/---

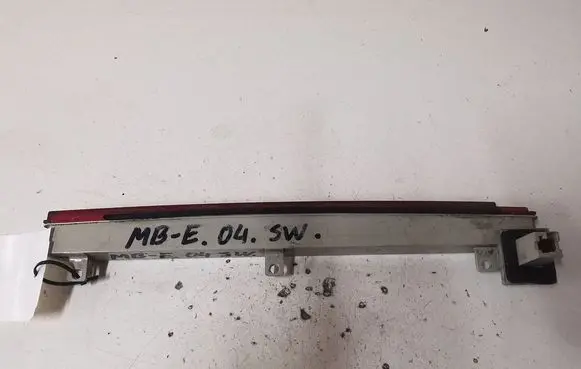 Mercedes-Benz E W211 Third/center stoplight A2118200256 2DA008625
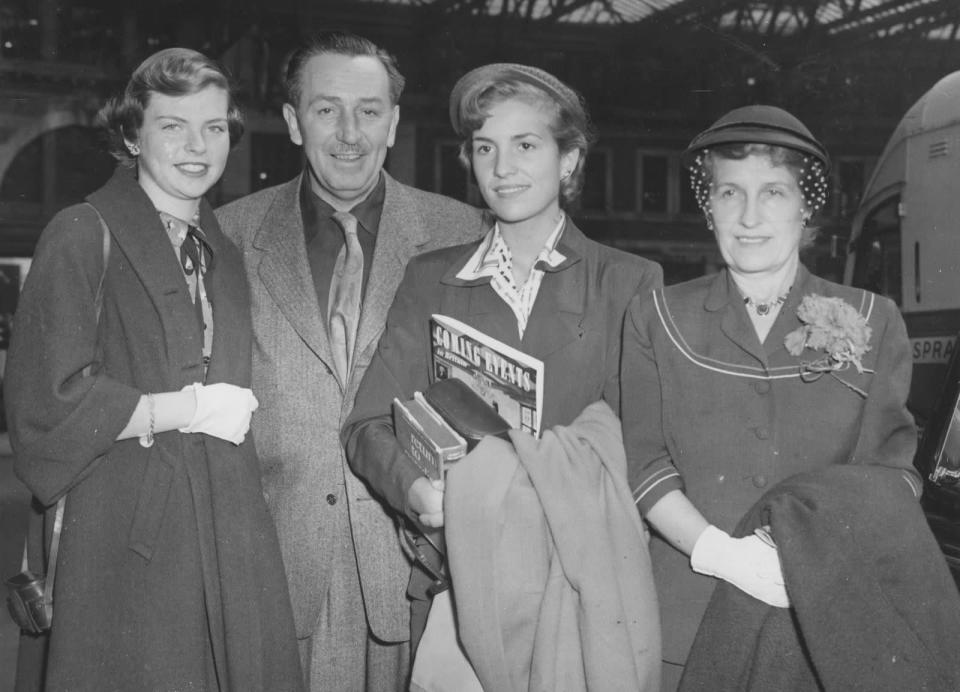 <p>Walt Disney war ein Familienmensch: Mit seiner Frau Lilly (rechts) hatte er eine leibliche und eine adoptiere Tochter. Diane kam 1933 zur Welt, ihre adoptierte Schwester Sharon drei Jahre später. (Bild: J. Wilds / Keystone / Getty Images)</p> 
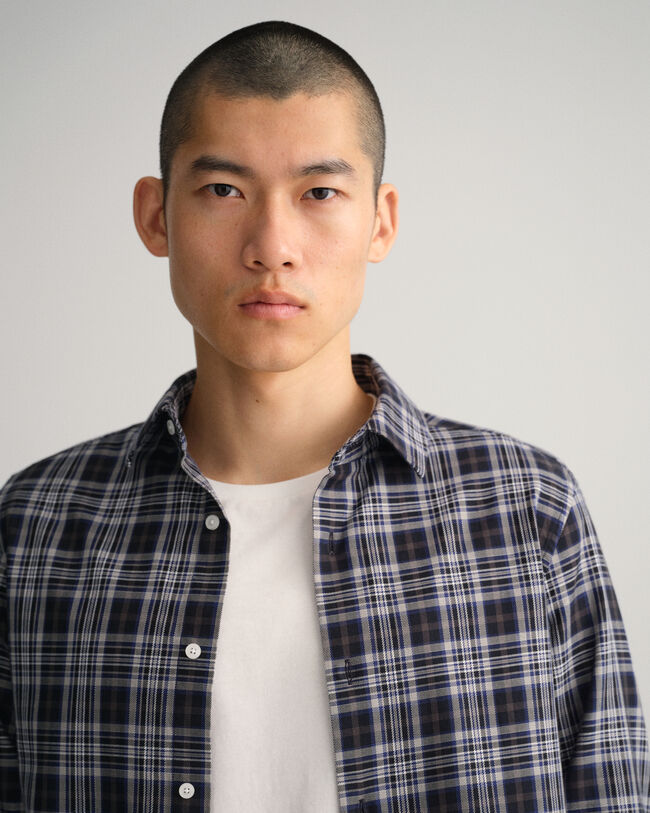 Camisa Slim Fit de sarga de cuadros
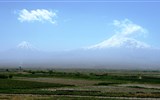 Arménie, země Malého Kavkazu - Arménie - Ararat nad řekou Araks (hranice s Turky), dnes bohužel na území Turecka
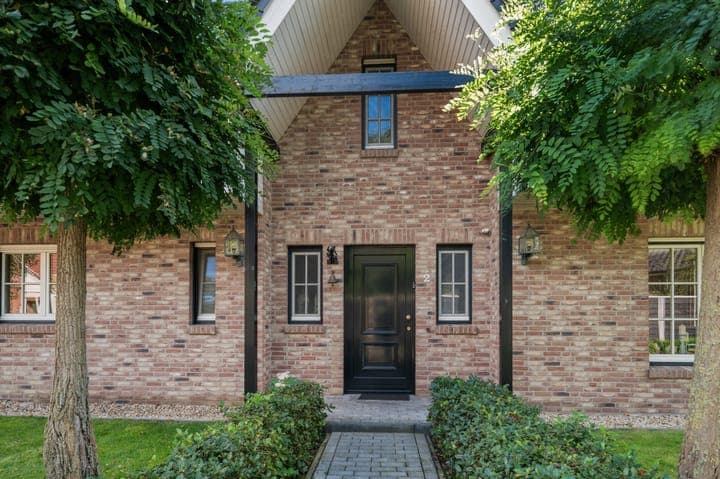 https://storage.googleapis.com/homestra-images/property-image-82fcb8e0-39c6-43e2-9ed0-4e30df5f13f6-1759577174.jpg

\---

DIRECTIONS FOR THIS TASK.
Every line above gets copied exactly; none of the pictures do.

TASK SOLUTION.
 Mercedes-Benz E W211 Third/center stoplight A2118200256 2DA008625
 <p>Walt Disney war ein Familienmensch: Mit seiner Frau Lilly (rechts) hatte er eine leibliche und eine adoptiere Tochter. Diane kam 1933 zur Welt, ihre adoptierte Schwester Sharon drei Jahre später. (Bild: J. Wilds / Keystone / Getty Images)</p> 
 Camisa Slim Fit de sarga de cuadros
 Arménie, země Malého Kavkazu - Arménie - Ararat nad řekou Araks (hranice s Turky), dnes bohužel na území Turecka
 https://storage.googleapis.com/homestra-images/property-image-82fcb8e0-39c6-43e2-9ed0-4e30df5f13f6-1759577174.jpg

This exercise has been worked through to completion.